(What the task asks): Each line from the one that holds "I take splints" to the end of the records is to be retyped exactly. Pictures are not part of the copy.

******************************

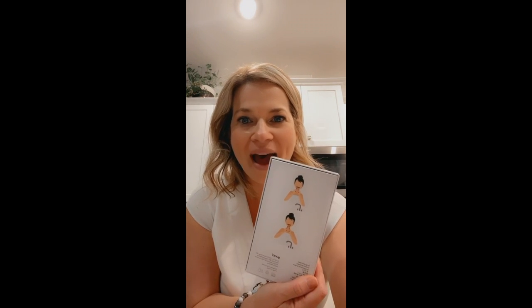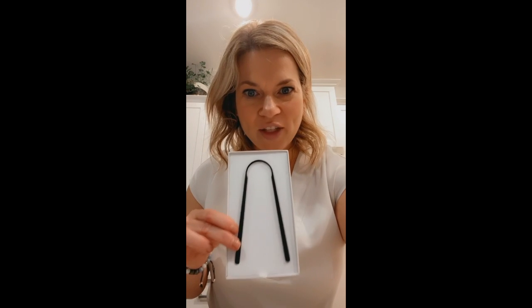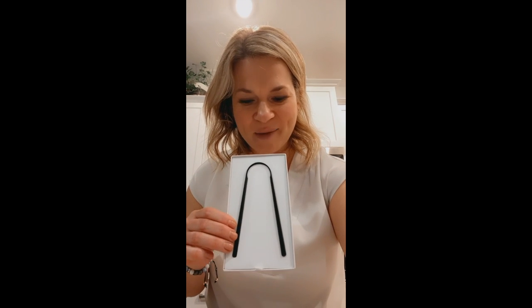I've just got my Gunky unpackaged here. It comes in this really nice box with some instructions on the back and we're gonna open it up. This is what it looks like inside and I'm just gonna lift it out.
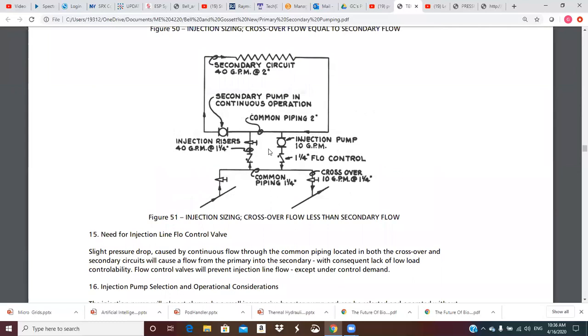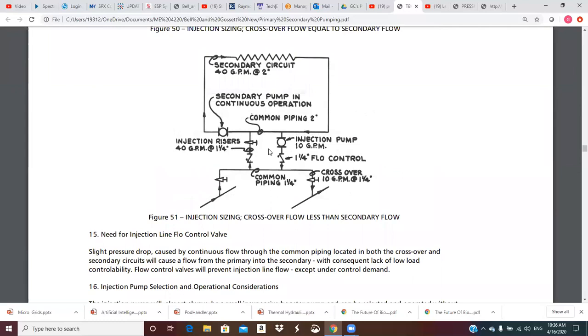Point 17: injection pump applications. The injection pump is finding increased use in both industrial and commercial applications. For reset control of a secondary zone, we can have a continuously pumped secondary — good for freeze protection — with a bulb in the outside air and a bulb measuring supply temperature, and a controller that figures out how much of the time the injection pump needs to operate to deliver the desired temperature to the coils or radiation units in the secondary.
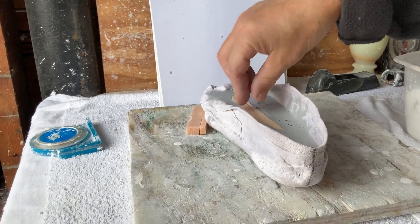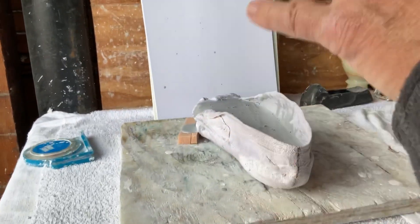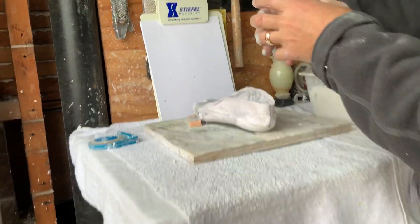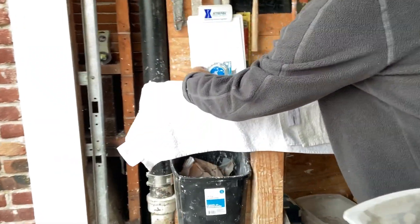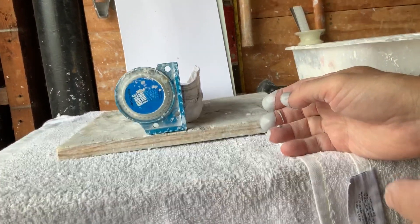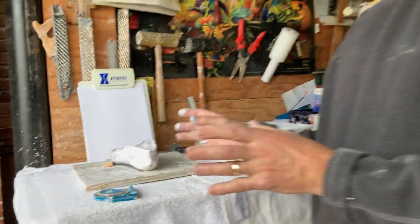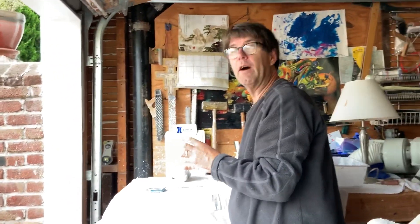I take splints of wood — these are old tongue depressors — and push them down so that when I press it, it's also harder for it to break. Then of course you want to recheck your line to make sure it's vertical to the heel. This is how you pour a negative cast that will become a positive cast. Tomorrow we'll go through the steps of making a positive cast and starting the correction on the feet that we want to accomplish. Thank you.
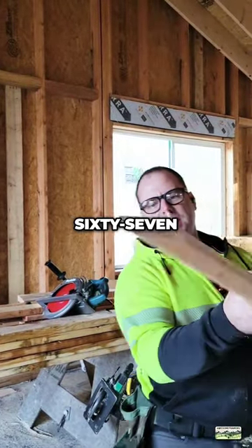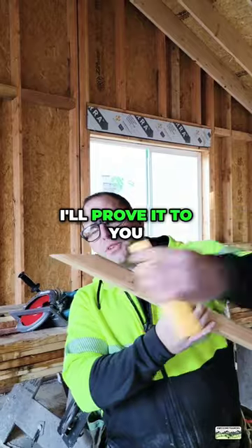Now I have my 67 and a half degree bevel. Here, I'll prove it to you. Right on the money.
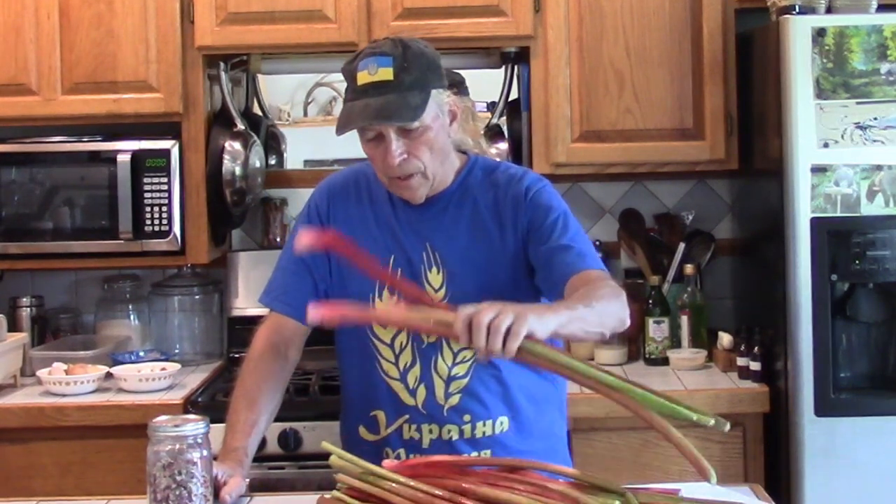In this case we are using rhubarb — we're going to dry rhubarb. Rhubarb is similar to a celery stalk and it contains approximately 90 to 95 percent water, if not even more. So when you go from fresh to dry, we're going to approximately zero percent water, so the volume is extremely reduced.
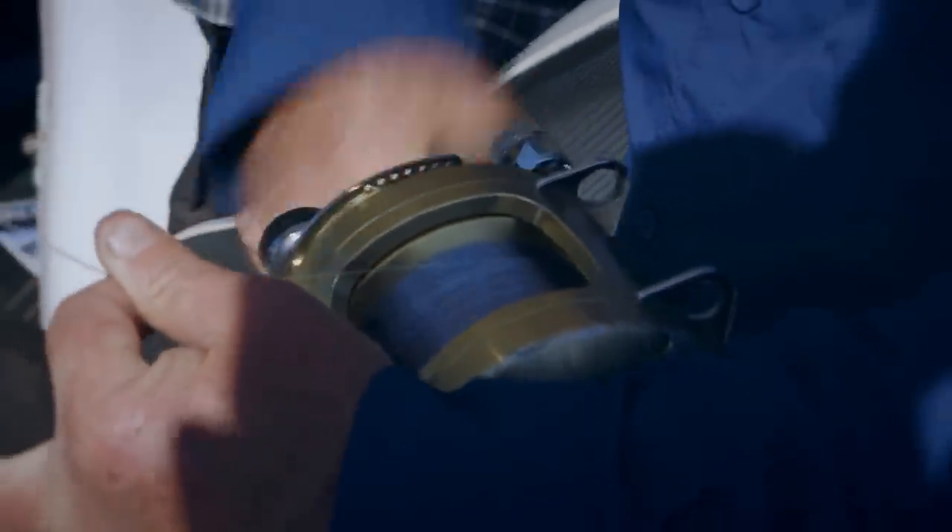Now the other side of it is when you're retrieving the gear — don't wind the gear at the back end first. Start the opposite way: get your gear that's in short, start with that, and then work your way out to the long gear. That'll minimise tangles.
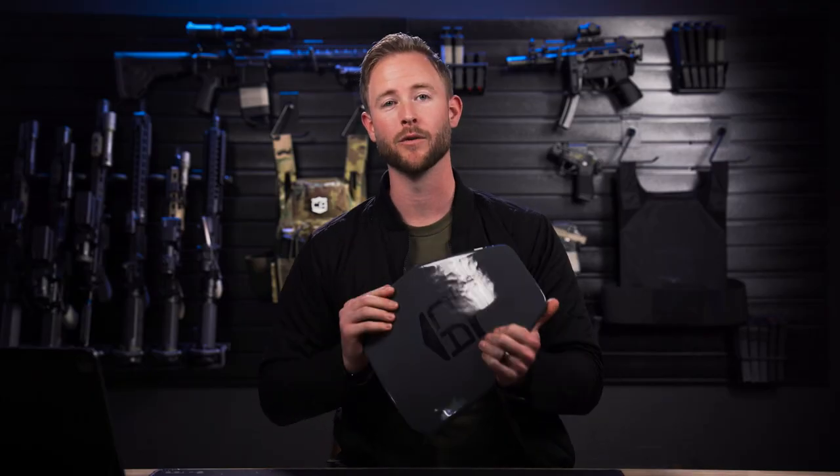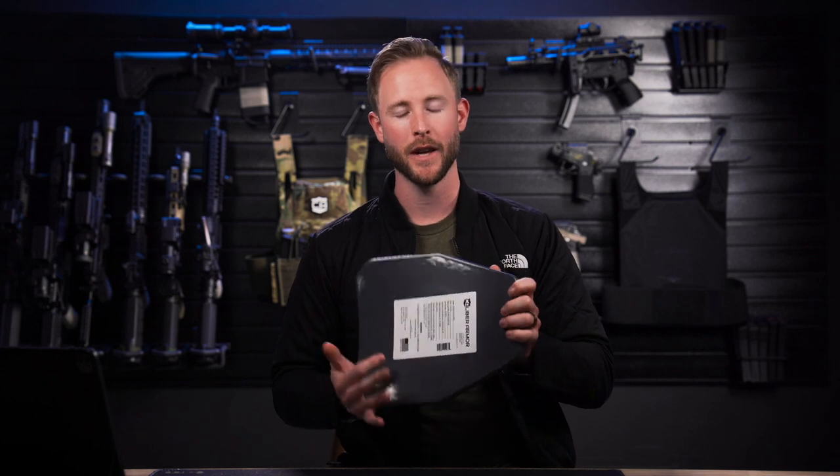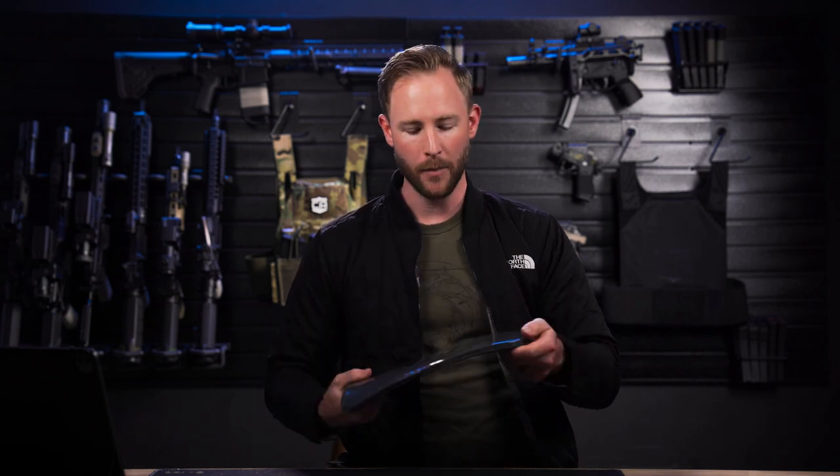Weighing in at only 7.2 pounds per plate with our poly-shield spall protection only 0.5 inches thin, making this plate lighter, stronger, and thinner. For the AV2, we offer 10x12 and 11x14 in shooter cut, and for this 10x12, we also offer a sappy cut.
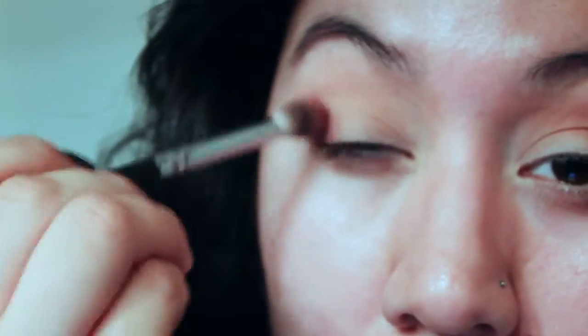Then I'm going in with this Makeup Geek color — you guys can see I dinged it, I was so sad. But this is in the color Bitten. It's just a matte kind of burgundy, maroon, purple shade, and I'm just putting that in the outer corner and a little bit under the lid, kind of smoking it out and blending that into the crease about halfway.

******************************

(Expected answer):
I take splints of wood — these are old tongue depressors — and push them down so that when I press it, it's also harder for it to break. Then of course you want to recheck your line to make sure it's vertical to the heel. This is how you pour a negative cast that will become a positive cast. Tomorrow we'll go through the steps of making a positive cast and starting the correction on the feet that we want to accomplish. Thank you.
Now I have my 67 and a half degree bevel. Here, I'll prove it to you. Right on the money.
In this case we are using rhubarb — we're going to dry rhubarb. Rhubarb is similar to a celery stalk and it contains approximately 90 to 95 percent water, if not even more. So when you go from fresh to dry, we're going to approximately zero percent water, so the volume is extremely reduced.
Now the other side of it is when you're retrieving the gear — don't wind the gear at the back end first. Start the opposite way: get your gear that's in short, start with that, and then work your way out to the long gear. That'll minimise tangles.
Weighing in at only 7.2 pounds per plate with our poly-shield spall protection only 0.5 inches thin, making this plate lighter, stronger, and thinner. For the AV2, we offer 10x12 and 11x14 in shooter cut, and for this 10x12, we also offer a sappy cut.
Then I'm going in with this Makeup Geek color — you guys can see I dinged it, I was so sad. But this is in the color Bitten. It's just a matte kind of burgundy, maroon, purple shade, and I'm just putting that in the outer corner and a little bit under the lid, kind of smoking it out and blending that into the crease about halfway.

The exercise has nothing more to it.